* [Exercise prompt]
Nothing but the pictures should be dropped when the records are transcribed word for word.

* [Material for this task]
=== Begin Enclosure ===

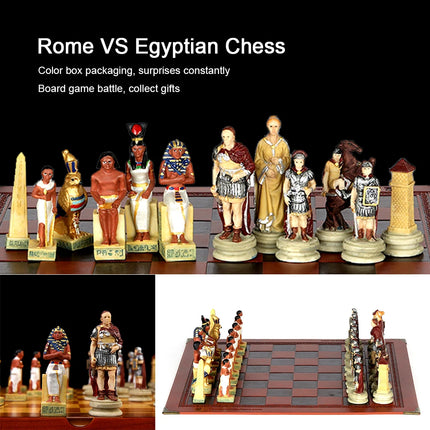 Metal Painted Chess Desktop Intelligent Game War Themed Toys Luxury Knight Hand Painted Checkers Card Gift Series Characters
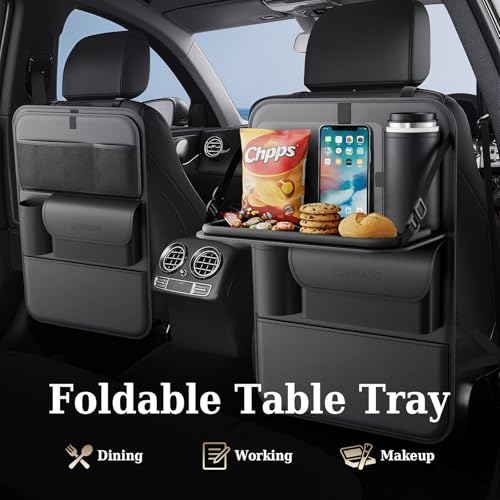 Coverado Car Backseat Organizer with Tablet Tray, Nappa Leather Organizer for Car Seat Back, Waterproof Car Seat Organizer with Touch Screen, Seat Protector Kick Mats for Kids - size: 1 Pack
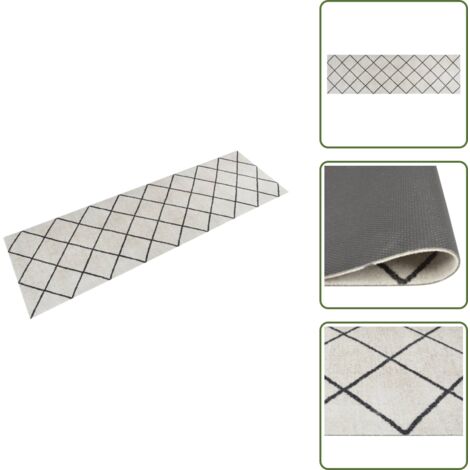Alfombra de terciopelo - vidaXL Alfombra de cocina lavable terciopelo cuadrados 60x180 cm - Alfombra antideslizante
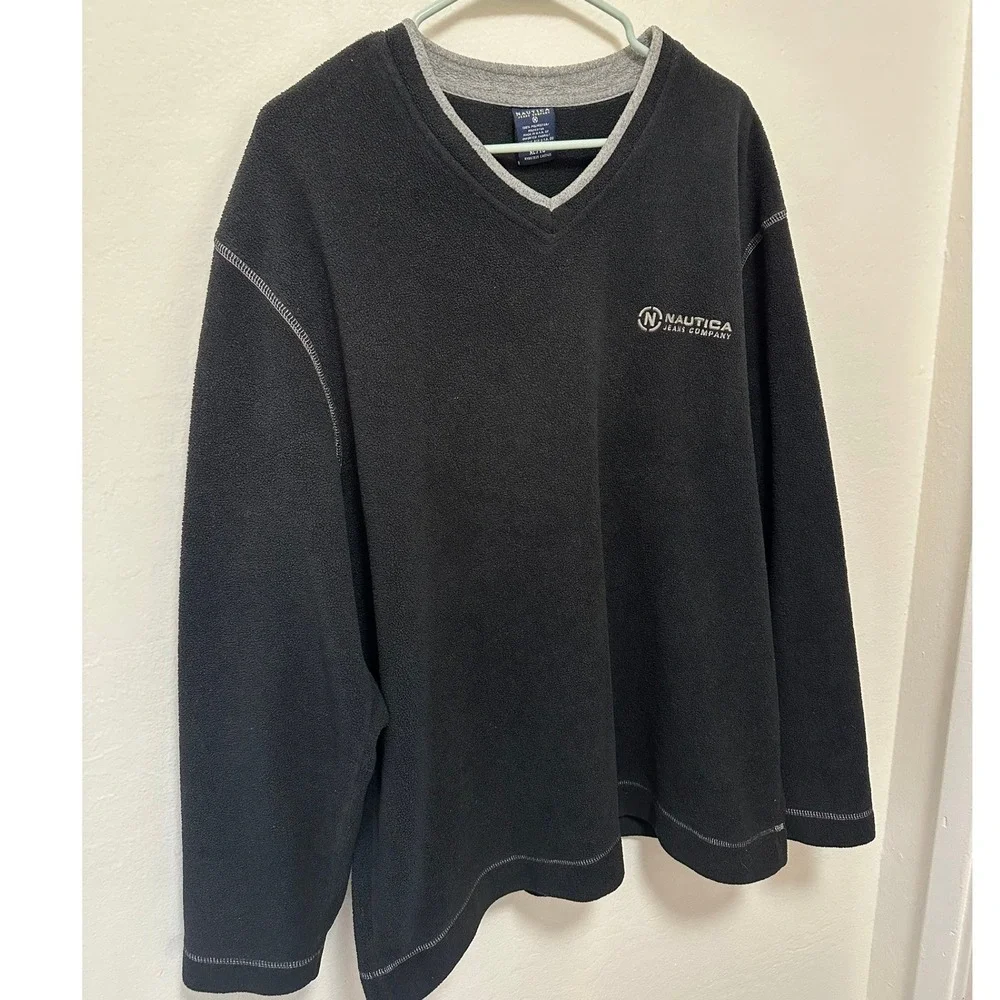 Nautica Jeans Company Vintage Men's‎ Black Fleece V-Neck Pullover Sweater XL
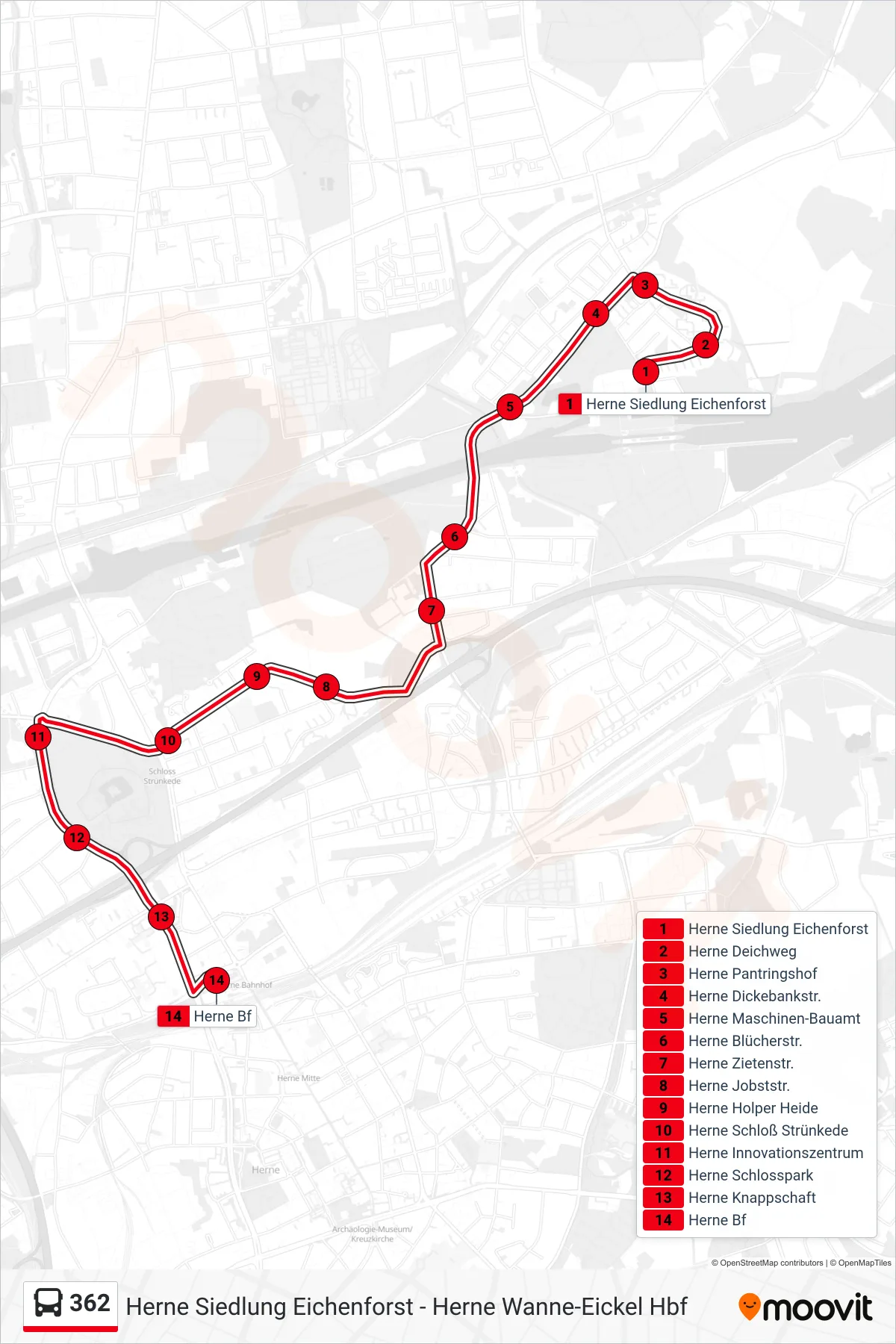 362 bus Line (Herne Bf) route and stops on a map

=== End Enclosure ===

* [Answer for the task]
 Metal Painted Chess Desktop Intelligent Game War Themed Toys Luxury Knight Hand Painted Checkers Card Gift Series Characters
 Coverado Car Backseat Organizer with Tablet Tray, Nappa Leather Organizer for Car Seat Back, Waterproof Car Seat Organizer with Touch Screen, Seat Protector Kick Mats for Kids - size: 1 Pack
Alfombra de terciopelo - vidaXL Alfombra de cocina lavable terciopelo cuadrados 60x180 cm - Alfombra antideslizante
 Nautica Jeans Company Vintage Men's‎ Black Fleece V-Neck Pullover Sweater XL
 362 bus Line (Herne Bf) route and stops on a map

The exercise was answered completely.